Mais ne pas avoir une bonne mémoire peut avoir des avantages.


J’en ai au moins trouvé un : je peux relire certains de mes livres des années après, presque comme si c’était la première fois. C’est comme si je refaisais la connaissance de vieux amis : je me souviens que je les aime, parce qu’il reste des traces des émotions que j’ai ressenti à leur contact, mais je les redécouvre dans les détails, je les apprivoise de nouveau.


J’ai lu La Horde du Contrevent pour la première fois il y a 7 ou 8 ans. J’avais été percutée par les personnages, par la force et la subtilité de l’écriture de l’auteur Damasio, par l’aisance avec laquelle il nous faisait croire à son univers.

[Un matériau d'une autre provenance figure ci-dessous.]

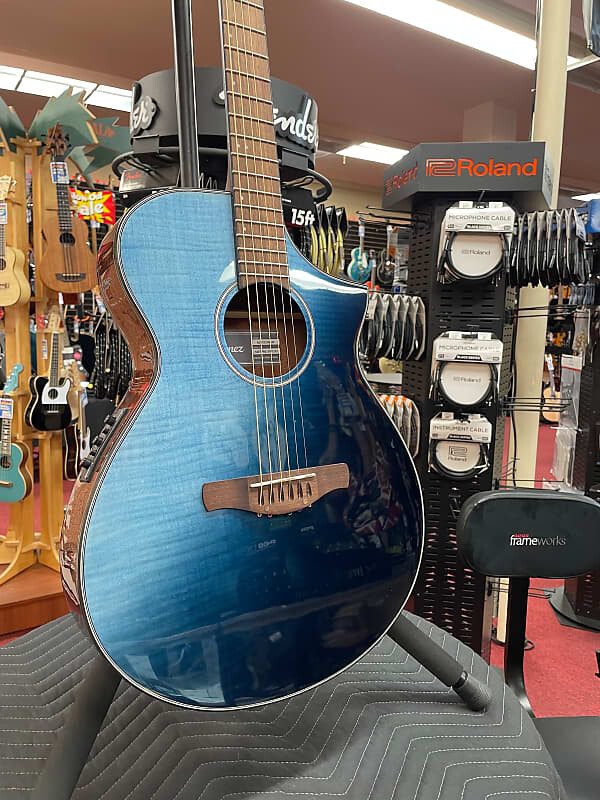 Электроакустическая гитара Ibanez AEWC32FM - Indigo Sunset Fade AEWC32FM Acoustic-Electric Guitar
Электроакустическая гитара Ibanez AEWC32FM - Indigo Sunset Fade AEWC32FM Acoustic-Electric Guitar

Entre deux aventures en mer, j’ai voulu retenter l’expérience du contre. Pour voir si la claque serait aussi puissante, même en me rappelant de certains aspects de l’histoire et avec une plus grande maturité de lecture.


Verdict.


Dans une quête, le but à atteindre importe moins que le voyage. La littérature, les films nous l’ont appris. C’est l’expérience acquise aux cours des épreuves qui fait la valeur du voyage, et non pas ce que le héros pensait viser au départ (gloire, richesse, amour…). On reconnaît un bon écrivain lorsqu’il met cet aspect en avant, et ne se contente pas d’écrire l’histoire d’une quête pour faire miroiter l’or au bout du chemin.
Mais, pour moi, on reconnaît un excellent écrivain lorsqu’il a compris que le voyage lui-même importe moins que ceux qui y participent.
C’est un avis très personnel, mais je considère qu’en littérature (aussi bien qu’au cinéma), les personnages doivent primer sur l’histoire. Un excellent scénario bien alambiqué de thriller, avec twist et brain explosion, aura un gros impact sur le public, mais un impact ponctuel ; mais un personnage vraiment marquant l’est de façon plus insidieuse, plus diffuse mais profonde ; il accompagnera plus longtemps le lecteur, le modifiera plus intensément.
L’art parle à l’homme de l’homme, par l’homme.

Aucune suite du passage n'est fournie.